Notes and Reflections on Noah's Other Son, by Brian Arthur Brown -- see introductory post for more information on this book
Chapter 3 is about Noah/Nooh and his sons. Most noteworthy perhaps the son whom the Bible "forgot" to mention whose story is told somewhat in the Quran. As the author put it, "The Quran does not dispute the truth of the Bible, but frequently adds details." (pg. 50)
According to hadith, his name was Canaan. (In the Bible Canaan was Noah's grandson, the son of Ham.) The Quranic Canaan was the son who drowned because he put his trust in the mountains to save him from drowning. Mr. Brown says Canaan's story shows the familiar tale of one going his own way, exercising his freedom of choice by rebellion. Yet unlike the story of the prodigal son (see Luke 15), this story shows the consequences of going our own way and not turning back to God.
Remember after the Flood, when Noah was drunk, Ham found him and somehow later got in trouble for not covering his father's nakedness? (It's in Genesis 9). Some have puzzled why Noah cursed Canaan for this when Ham was the son who had offended Noah. They came to the conclusion that sometimes "the sins of the fathers are visited upon the children." This author suggests Noah truly meant to curse Ham, but just as parents often confuse the names of their children, Noah simply said "Canaan" (meaning his son who was drowned in the Flood) instead of saying Ham.
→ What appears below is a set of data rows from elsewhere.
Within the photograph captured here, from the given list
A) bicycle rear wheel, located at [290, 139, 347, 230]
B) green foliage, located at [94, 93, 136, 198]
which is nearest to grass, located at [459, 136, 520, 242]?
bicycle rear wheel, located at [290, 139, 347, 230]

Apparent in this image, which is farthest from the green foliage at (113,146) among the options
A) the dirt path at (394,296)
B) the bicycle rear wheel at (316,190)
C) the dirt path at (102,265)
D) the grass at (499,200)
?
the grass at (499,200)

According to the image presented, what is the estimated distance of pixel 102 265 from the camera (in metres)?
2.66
Brown notes that "This episode provides an instance where knowledge of the Quran resolves a textual conundrum in the biblical text."
He continues, "The Quran preserves a few somewhat sophisticated twists that had been forgotten or lost." (pg. 53) But remember the Quran assumes people already know the Biblical stories as it usually leaves a lot of details out. From my understanding of the author, he believes the Bible provides the main part of the story so you have to know it first. Then you can read the Quran which might add a few interesting bits to the story that the Jewish authors didn't note when they wrote their version.
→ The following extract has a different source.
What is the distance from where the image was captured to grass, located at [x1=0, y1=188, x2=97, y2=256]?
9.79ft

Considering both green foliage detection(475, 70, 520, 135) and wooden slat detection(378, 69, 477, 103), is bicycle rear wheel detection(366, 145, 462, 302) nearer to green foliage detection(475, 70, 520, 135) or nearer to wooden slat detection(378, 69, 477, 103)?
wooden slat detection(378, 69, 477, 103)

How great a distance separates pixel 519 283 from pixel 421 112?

About the numerous flood stories the author writes: "Some stories may have borrowed material from others, as did the Hebrew version, almost certainly, but others are too widely separated for that. The common thread is water both falling down and rising up; the destruction of society and information about a few survivors who had built a boat -- a family and their animals. There are a few hints of awareness about the wrath of the gods toward corrupt civilizations, but only the Hebrew account is focused on the cleansing and redemptive purpose of it all, the rainbow of God's love, the grace involved in second chances, and the quest for meaning." (pg. 46)
About Noah, the author notes he is presented with a "high moral tone" in the Quran since he is on a mission to warn sinners of impending doom. You won't find the details about Noah getting drunk and lying naked in his tent in Muhammad's version. Brown says the Quran presents models of good character and conduct not "examples of redemption" that the Jewish authors present.
Chapter 4 deals with the Tower of Babel and how it is a warning for modern times when we build things for ourselves instead of for God and others. The author says it's a warning that there should be no "unity among humans based on one language or on a super race of superior people." Most of this chapter was a warning against American Christian fundamentalism and extreme capitalism which lead to wars on drugs, crime, abortion and terrorism and do not solve problems or bring peace. A modern day Tower of Babel could be the World Trade Center towers which were also brought down. Hmph!